(TASK ITEM):
The entries need to be copied exactly.

(Caption-style text data):
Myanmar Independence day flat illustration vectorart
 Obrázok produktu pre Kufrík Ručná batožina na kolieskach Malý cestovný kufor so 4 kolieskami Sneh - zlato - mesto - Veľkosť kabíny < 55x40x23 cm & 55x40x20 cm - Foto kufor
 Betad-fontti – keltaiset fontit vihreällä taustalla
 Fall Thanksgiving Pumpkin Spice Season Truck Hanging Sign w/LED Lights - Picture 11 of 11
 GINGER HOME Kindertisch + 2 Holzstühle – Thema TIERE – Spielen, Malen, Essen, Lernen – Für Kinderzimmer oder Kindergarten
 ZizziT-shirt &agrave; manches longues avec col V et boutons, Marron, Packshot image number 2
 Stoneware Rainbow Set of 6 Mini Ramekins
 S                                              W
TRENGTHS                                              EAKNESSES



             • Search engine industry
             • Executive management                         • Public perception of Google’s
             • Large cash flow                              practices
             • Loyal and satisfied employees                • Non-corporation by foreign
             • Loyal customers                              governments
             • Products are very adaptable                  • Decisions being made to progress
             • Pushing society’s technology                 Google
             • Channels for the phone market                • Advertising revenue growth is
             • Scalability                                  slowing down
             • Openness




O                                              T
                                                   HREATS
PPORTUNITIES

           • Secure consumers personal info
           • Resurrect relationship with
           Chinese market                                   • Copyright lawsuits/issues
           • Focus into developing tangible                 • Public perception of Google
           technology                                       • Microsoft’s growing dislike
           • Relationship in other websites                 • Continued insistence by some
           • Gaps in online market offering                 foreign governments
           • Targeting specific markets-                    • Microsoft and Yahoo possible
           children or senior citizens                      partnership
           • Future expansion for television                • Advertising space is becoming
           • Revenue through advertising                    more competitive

(SOLUTION):
Myanmar Independence day flat illustration vectorart
 Obrázok produktu pre Kufrík Ručná batožina na kolieskach Malý cestovný kufor so 4 kolieskami Sneh - zlato - mesto - Veľkosť kabíny < 55x40x23 cm & 55x40x20 cm - Foto kufor
 Betad-fontti – keltaiset fontit vihreällä taustalla
 Fall Thanksgiving Pumpkin Spice Season Truck Hanging Sign w/LED Lights - Picture 11 of 11
 GINGER HOME Kindertisch + 2 Holzstühle – Thema TIERE – Spielen, Malen, Essen, Lernen – Für Kinderzimmer oder Kindergarten
 ZizziT-shirt &agrave; manches longues avec col V et boutons, Marron, Packshot image number 2
 Stoneware Rainbow Set of 6 Mini Ramekins
 S                                              W
TRENGTHS                                              EAKNESSES



             • Search engine industry
             • Executive management                         • Public perception of Google’s
             • Large cash flow                              practices
             • Loyal and satisfied employees                • Non-corporation by foreign
             • Loyal customers                              governments
             • Products are very adaptable                  • Decisions being made to progress
             • Pushing society’s technology                 Google
             • Channels for the phone market                • Advertising revenue growth is
             • Scalability                                  slowing down
             • Openness




O                                              T
                                                   HREATS
PPORTUNITIES

           • Secure consumers personal info
           • Resurrect relationship with
           Chinese market                                   • Copyright lawsuits/issues
           • Focus into developing tangible                 • Public perception of Google
           technology                                       • Microsoft’s growing dislike
           • Relationship in other websites                 • Continued insistence by some
           • Gaps in online market offering                 foreign governments
           • Targeting specific markets-                    • Microsoft and Yahoo possible
           children or senior citizens                      partnership
           • Future expansion for television                • Advertising space is becoming
           • Revenue through advertising                    more competitive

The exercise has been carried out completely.